When House speaker John Boehner invited Israeli prime minister Benjamin Netanyahu to address Congress in the coming weeks, the reaction from the White House was swift. In background interviews with reporters, top Obama administration officials made clear that they considered the invitation itself an affront and the acceptance of it a breach of protocol.
Please.
This is the same White House that last week had British prime minister David Cameron making calls to Capitol Hill to lobby lawmakers against more sanctions on Iran. It’s the same administration that had to apologize to Senator Marco Rubio and others for violating its pledge to “consult Congress” before making any unilateral changes to U.S. policy on Cuba. This is the same president who has boasted repeatedly of his ability and willingness to ignore the legislative branch and use his “pen and phone” to do what he wants. And this is the same administration that used the cover of anonymity to call Netanyahu “chickenshit” in a recent interview.
So spare us the whining about prerogatives and propriety and protocol. In a functioning capital—with a White House that understands the enemy is Iran and not the Republican Congress—it’d be better for Congress and the White House to coordinate efforts. But that’s not Washington today. Consider the section on Iran in President Obama’s State of the Union. It took up just 172 words of his 6,500-word address. It reads, in its entirety:
But new sanctions passed by this Congress, at this moment in time, will all but guarantee that diplomacy fails—alienating America from its allies; making it harder to maintain sanctions; and ensuring that Iran starts up its nuclear program again. It doesn’t make sense. And that’s why I will veto any new sanctions bill that threatens to undo this progress. [Applause] The American people expect us only to go to war as a last resort, and I intend to stay true to that wisdom.
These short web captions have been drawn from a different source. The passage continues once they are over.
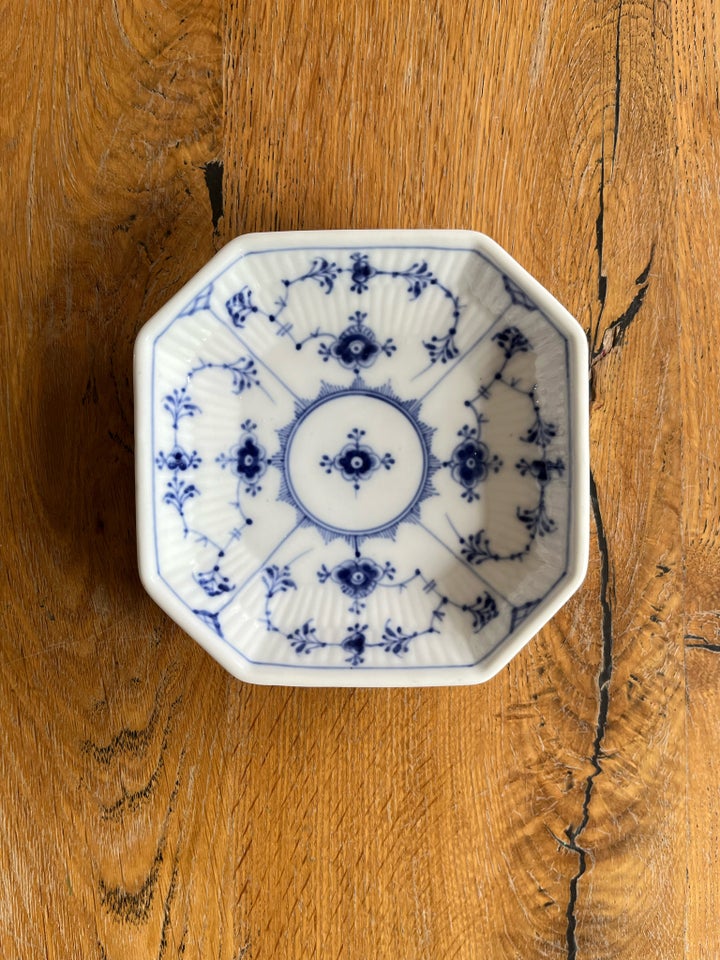 Porcelæn, Lille fad fra Royal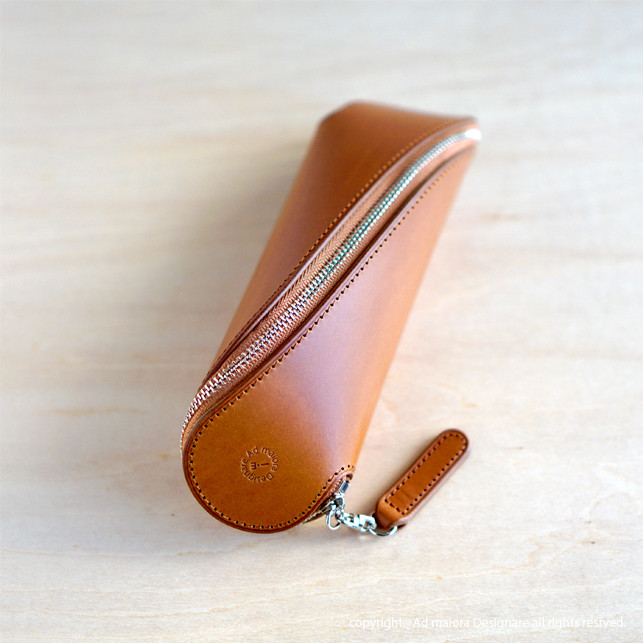 イタリアンレザーを使った曲線美のレザーペンケース「panis」キャメル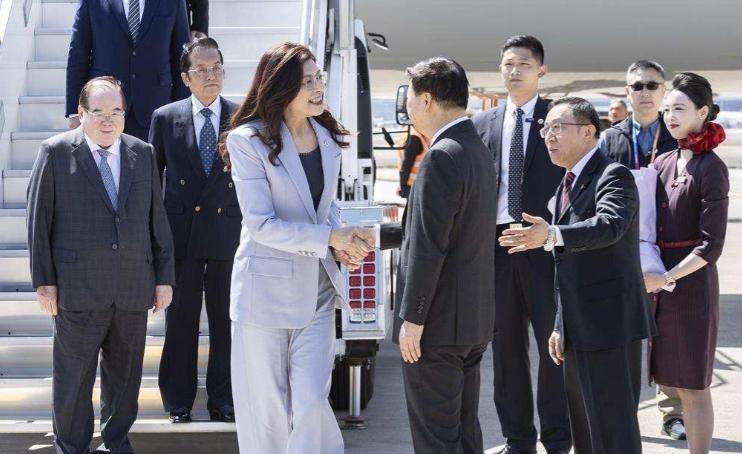 郑丽文访陆6天，国民党支持度大涨！很多人以为这不过是一次例行访问、做做样子。错了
This is delusional. The United States hasn’t “halted” Iran’s nuclear program. A week before that claim, Iran announced it would build two more reactors. During this diplomacy, it has made progress on its plutonium program and continued enriching. It was supposed to freeze centrifuge activities at the Pilot Fuel Enrichment Plant at Natanz, but the IAEA reported last fall it was feeding uranium hexafluoride gas into the IR-5 centrifuge there.
The fact that the Obama administration still insists Iran hasn’t violated the terms of its interim agreement with the United States and its allies says more about the administration’s eagerness to continue diplomacy than it does about Iran’s behavior.
Even as the Obama administration has demonstrated its determination to give the Iranian regime every benefit of the doubt, the president reflexively questions the motives of anyone who has a different view. In comments at a press briefing with Cameron, Obama implied that Congress—not Iran—would be at fault if military conflict erupted. And at a recent meeting with congressional Democrats, Obama accused Senator Bob Menendez of bowing to the interests of campaign contributors when the New Jersey Democrat expressed concern about never-ending negotiations without consequence.
When Boehner announced his Netanyahu invitation, he accused Obama of downplaying the Iranian threat in the State of the Union. “There is a serious threat that exists in the world,” he said, “and the president last night kind of papered over it.”
Boehner is correct, of course. And he was right to invite Netanyahu to address Congress and the American people.
The State Department lists Iran as the foremost state sponsor of terror in the world. According to a former top U.S. military official, the Iranian regime is responsible for more than a third of American troop deaths in Iraq. The regime talks openly about eliminating Israel.
It’s long past time for a serious discussion of the threat posed by Iran. Let’s have one.